A fundamental change to the way HMRC now applies VAT to certain types of termination payments means that payments you received without VAT under a settlement at any point in the last 4 years will need to be re-examined to check whether you (or the other party) now needs to pay VAT in respect of the payment. We explain this important change in more detail below.
Summary of the change
- HMRC have announced that payments made to compensate a supplier arising out of early contract termination will now in general be subject to VAT and no longer outside the scope of VAT.
- The change will have retrospective effect for suppliers who have received termination payments in VAT accounting periods that ended within the last 4 years and have treated those payments as outside the scope of VAT in line with previous HMRC guidance.
- This change will affect some payments in respect of settled claims for breach of contract, liquidated damages, cancellation fees, early upgrade fees and the like, regardless of whether these payments are described as compensation or damages.
- This change will mean you may need to account for VAT on historic payments.
What to do now?
- If you have received a payment under a settlement agreement which was previously treated as outside the scope of VAT you will need to check whether VAT is now chargeable.
- If VAT is now chargeable you will need to correct the previous treatment and account for the retrospective VAT due to HMRC, in which case you should review the contract to check if it states you will be liable for the VAT cost and, if not, contact your counterparty to decide who will be liable for the VAT cost.
For more details of this change please see below.

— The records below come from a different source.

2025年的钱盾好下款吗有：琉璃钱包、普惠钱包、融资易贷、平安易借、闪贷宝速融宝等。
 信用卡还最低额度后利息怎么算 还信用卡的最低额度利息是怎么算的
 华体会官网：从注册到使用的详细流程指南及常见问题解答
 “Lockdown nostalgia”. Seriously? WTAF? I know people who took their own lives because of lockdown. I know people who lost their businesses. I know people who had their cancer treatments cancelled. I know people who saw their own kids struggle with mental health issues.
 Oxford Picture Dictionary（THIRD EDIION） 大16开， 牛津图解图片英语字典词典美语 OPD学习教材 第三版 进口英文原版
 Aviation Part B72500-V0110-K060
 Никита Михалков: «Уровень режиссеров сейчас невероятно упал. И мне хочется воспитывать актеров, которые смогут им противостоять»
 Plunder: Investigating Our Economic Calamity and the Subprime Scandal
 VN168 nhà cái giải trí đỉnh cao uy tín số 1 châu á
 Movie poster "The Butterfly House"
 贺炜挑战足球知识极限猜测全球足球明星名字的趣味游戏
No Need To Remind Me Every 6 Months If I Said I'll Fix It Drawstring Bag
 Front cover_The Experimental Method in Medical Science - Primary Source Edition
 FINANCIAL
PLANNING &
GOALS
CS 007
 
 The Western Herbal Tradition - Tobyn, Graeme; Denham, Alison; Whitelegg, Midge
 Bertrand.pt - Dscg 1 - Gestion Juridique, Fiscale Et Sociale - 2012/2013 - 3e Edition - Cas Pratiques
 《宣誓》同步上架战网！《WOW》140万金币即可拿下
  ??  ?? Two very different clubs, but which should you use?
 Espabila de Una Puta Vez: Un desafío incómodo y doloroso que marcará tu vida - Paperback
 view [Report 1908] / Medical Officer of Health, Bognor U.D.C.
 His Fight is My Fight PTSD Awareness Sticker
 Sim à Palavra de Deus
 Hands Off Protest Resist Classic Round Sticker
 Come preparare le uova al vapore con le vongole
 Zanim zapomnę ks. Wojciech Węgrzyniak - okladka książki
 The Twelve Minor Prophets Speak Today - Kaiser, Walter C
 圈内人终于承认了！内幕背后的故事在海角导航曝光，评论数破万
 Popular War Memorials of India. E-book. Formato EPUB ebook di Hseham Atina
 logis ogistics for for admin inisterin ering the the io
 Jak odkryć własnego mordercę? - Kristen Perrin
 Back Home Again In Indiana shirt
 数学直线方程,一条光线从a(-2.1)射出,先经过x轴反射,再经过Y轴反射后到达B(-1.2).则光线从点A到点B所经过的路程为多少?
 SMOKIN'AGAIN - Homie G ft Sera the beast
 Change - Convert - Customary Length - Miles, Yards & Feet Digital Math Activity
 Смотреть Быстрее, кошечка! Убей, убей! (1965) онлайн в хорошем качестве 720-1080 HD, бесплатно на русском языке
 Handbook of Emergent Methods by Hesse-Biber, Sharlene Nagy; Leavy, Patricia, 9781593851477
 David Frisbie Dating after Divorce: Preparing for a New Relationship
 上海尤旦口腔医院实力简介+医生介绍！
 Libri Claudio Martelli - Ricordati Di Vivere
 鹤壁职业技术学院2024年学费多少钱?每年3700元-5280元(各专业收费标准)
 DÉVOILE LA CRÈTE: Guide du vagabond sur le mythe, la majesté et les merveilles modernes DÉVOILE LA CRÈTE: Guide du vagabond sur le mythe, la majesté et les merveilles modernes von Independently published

If you would like further advice regarding the information in this client alert please contact one of the people listed below.
What has changed?
On 2 September, HMRC published Revenue & Customs Brief 12 (2020). This brief updates taxpayers on the UK VAT treatment of early termination fees and compensation payments following recent judgments of the Court of Justice of the European Union (CJEU) and HMRC's changes to its guidance.
The update shows a significant change in UK VAT policy particularly for businesses who have enforced minimum commitment periods against customers and/or who have charged customers pursuant to early termination fees and have treated those payments received as non-VATable.
Why has this change been made?
Historically, HMRC took the view that payments described as compensation or damages and paid by a customer for perceived losses attributable to a breach of contract, early termination event or pursuant to a liquidated damages clause, were normally outside the scope of VAT. HMRC had relied on previous CJEU case law that these types of payments to a supplier were to compensate for loss of future earnings flowing from termination rather than being directly linked to (and not consideration for) a relevant supply.
However, following more recent CJEU decisions on the VAT treatment of early termination fees in contracts for telecommunication services, HMRC considers that it is now clear that most payments made under these types of default provisions in contracts remain taxable consideration for supplies for which the customer has contracted for.
HMRC will therefore now treat most compensation and similar payments made by customers arising out of early termination or cancellation as generally liable for VAT on the basis such payments should be seen as further consideration for the original supply by the recipient supplier. The fact that the customer is no longer making use of that supply is irrelevant. This treatment will apply in cases where an original contract allows for such a termination, as well as when a separate agreement is reached.
What payments are affected?
HMRC makes it clear this change will affect payments for breach of contract, liquidated damages, cancellation fees, early upgrade fees and similar payments, irrespective of whether or not any such payments are described as compensation or damages. For example, although HMRC acknowledges that liquidated damages payments are designed to compensate, its altered view is now that they are made as a result of events envisaged under the contract. They are therefore regarded as an integral part of the agreement and remain as taxable consideration for what is provided under it.
HMRC indicates that compensation payments may only be treated as outside scope in limited circumstances where there is no direct link between a payment and a supply of goods/services by the recipient supplier. If the supplier is the defaulting party and paying a customer, the VAT treatment may also be different but the key question is whether any amount paid by the defaulting party has a direct link with a relevant supply (i.e. past or future supply of goods / services) that is subject to VAT. What appears to be determinative is the absence of any supply to which the payment would relate.
Importantly, HMRC’s change will have a retrospective impact - HMRC states that it is expecting taxpayers who have failed to account for VAT on such fees to correct their error – this should include payments received and treated incorrectly as outside the scope of VAT in VAT accounting periods that ended within the last 4 years.
This is only disapplied for taxpayers who have had a specific ruling from HMRC stating that such fees are outside the scope of VAT, in which case, such taxpayers would be required to account for VAT on such fees received on or after 2 September 2020.